=== Provided records ===
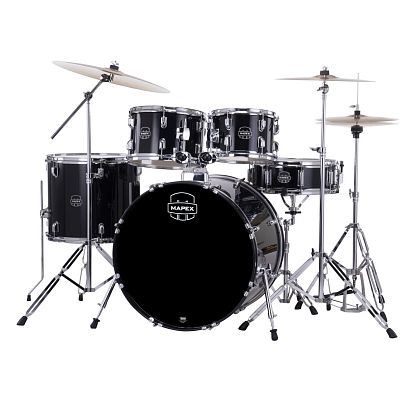 Mapex CM5295FTCDK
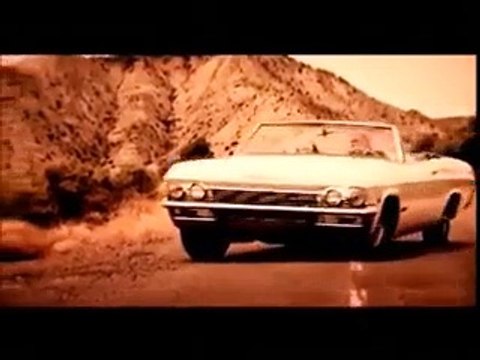 TGC Remix Within Temptation - Angels Fast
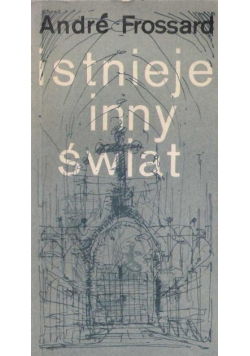 Istnieje inny świat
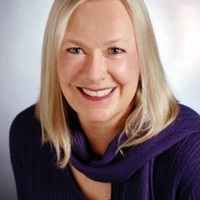 Lynne Halgren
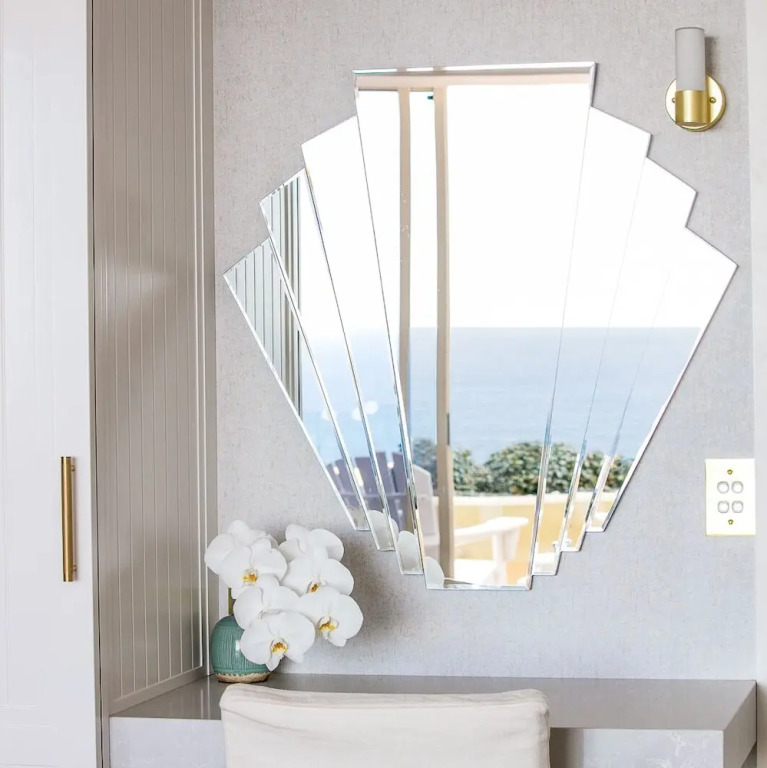 Jonahs Restaurant & Accommodation, Whale Beach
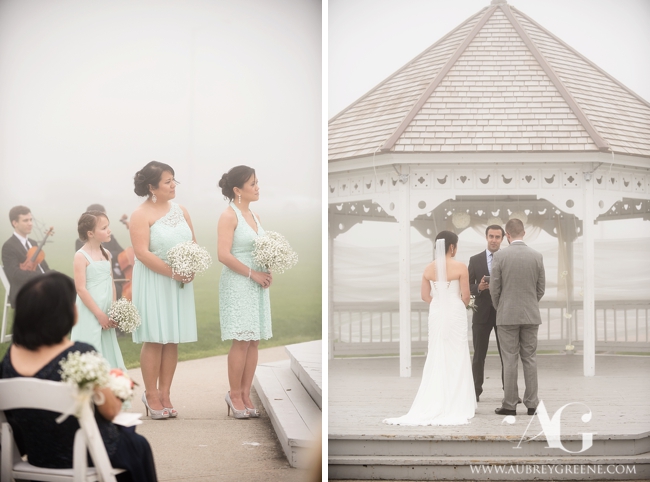 ChristineMichaelWedding_BLOG-60_WEB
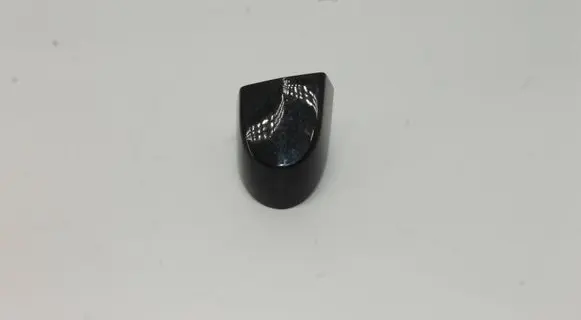 BMW 3 E90 E91 Front door handle cover 7162434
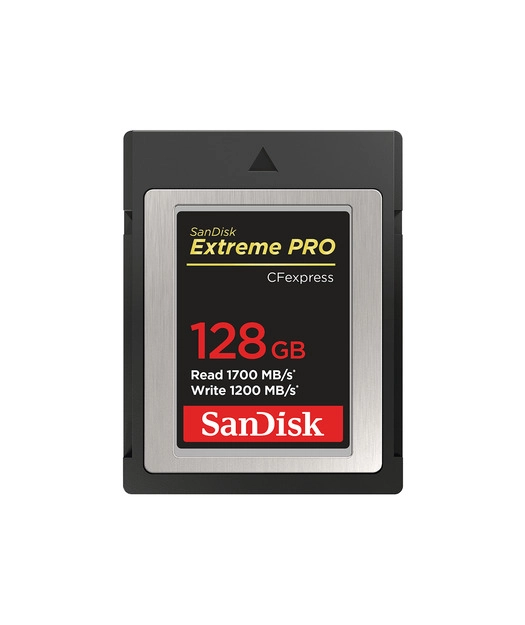 SanDisk%20Extreme%20PRO%20CFexpress%20Card%20Type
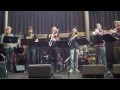 Jazz students at Codarts perform original music by Frank Carlberg 071113   normaal - Dick de Graaf Jazz students at Codarts perform original music by Frank Carlberg 071113   normaal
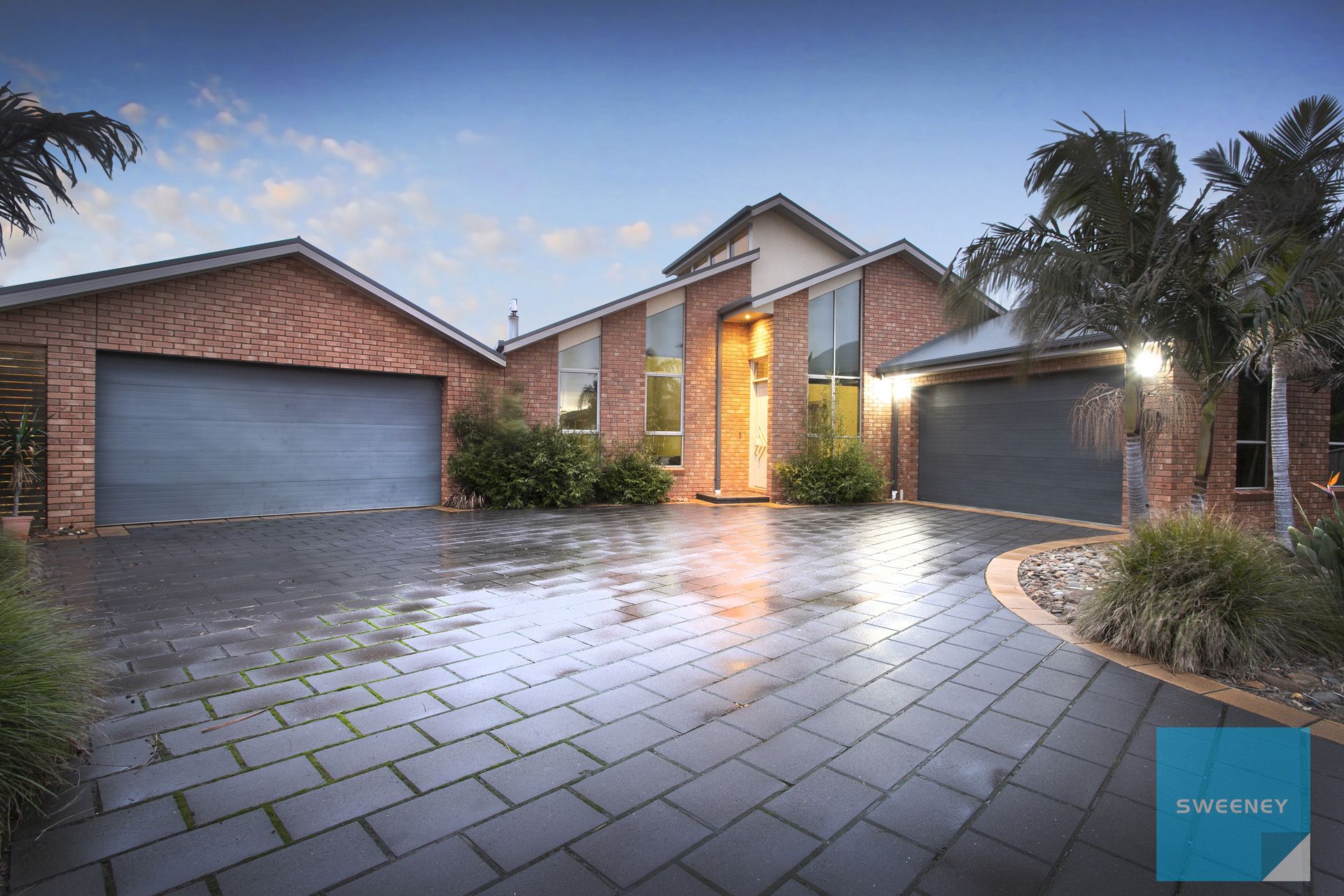 2 Quilan Court, CAROLINE SPRINGS Sweeney Estate Agents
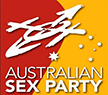 The Australian Sex Party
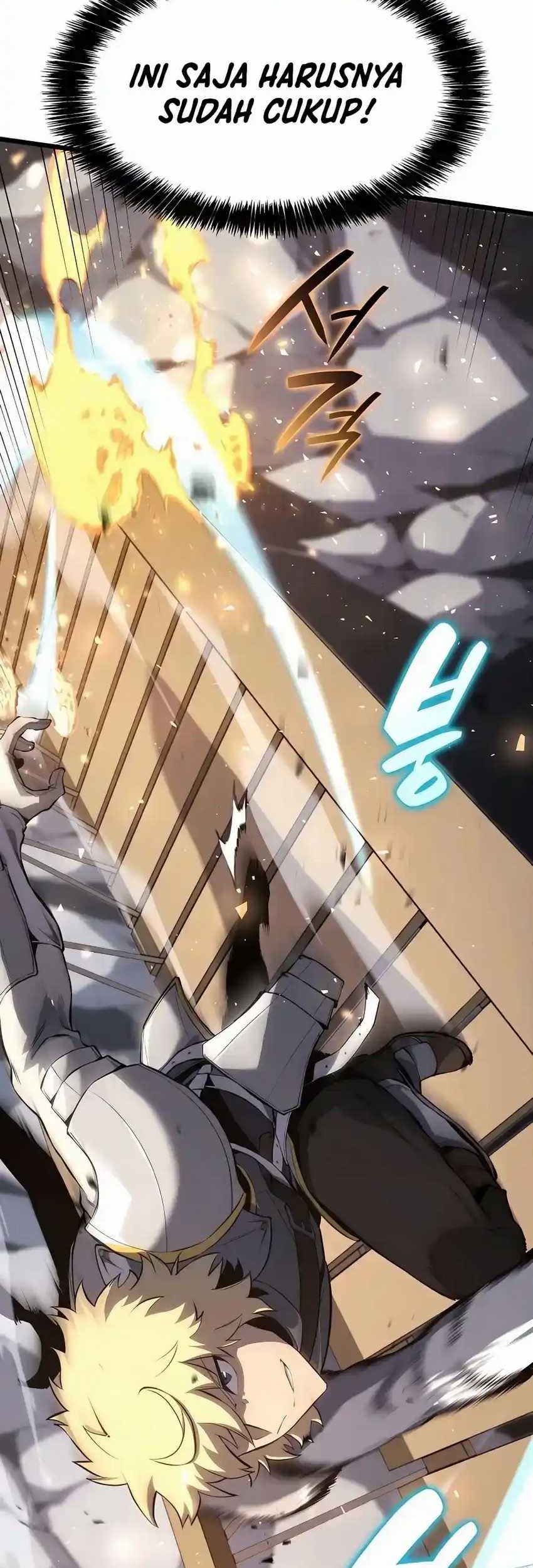 The Count’s Youngest Son Is A Player! Chapter 28 Gambar 12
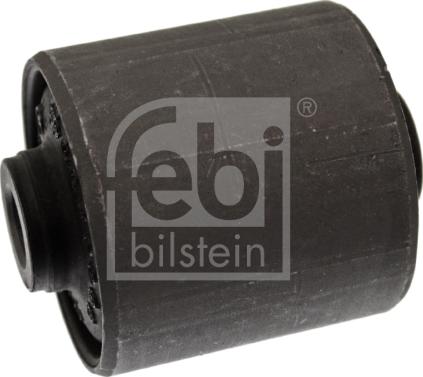 Febi Bilstein 42253 - Supporto, Braccio oscillante autozon.pro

=== Your assignment ===
Would you please reproduce the entries above, starting at the line with "BMW 3 E90 E91" and stopping after the line with "2 Quilan Court, CAROLINE"? Omit any pictures.

=== Problem solution ===
 BMW 3 E90 E91 Front door handle cover 7162434
 SanDisk%20Extreme%20PRO%20CFexpress%20Card%20Type
 Jazz students at Codarts perform original music by Frank Carlberg 071113   normaal - Dick de Graaf Jazz students at Codarts perform original music by Frank Carlberg 071113   normaal
 2 Quilan Court, CAROLINE SPRINGS Sweeney Estate Agents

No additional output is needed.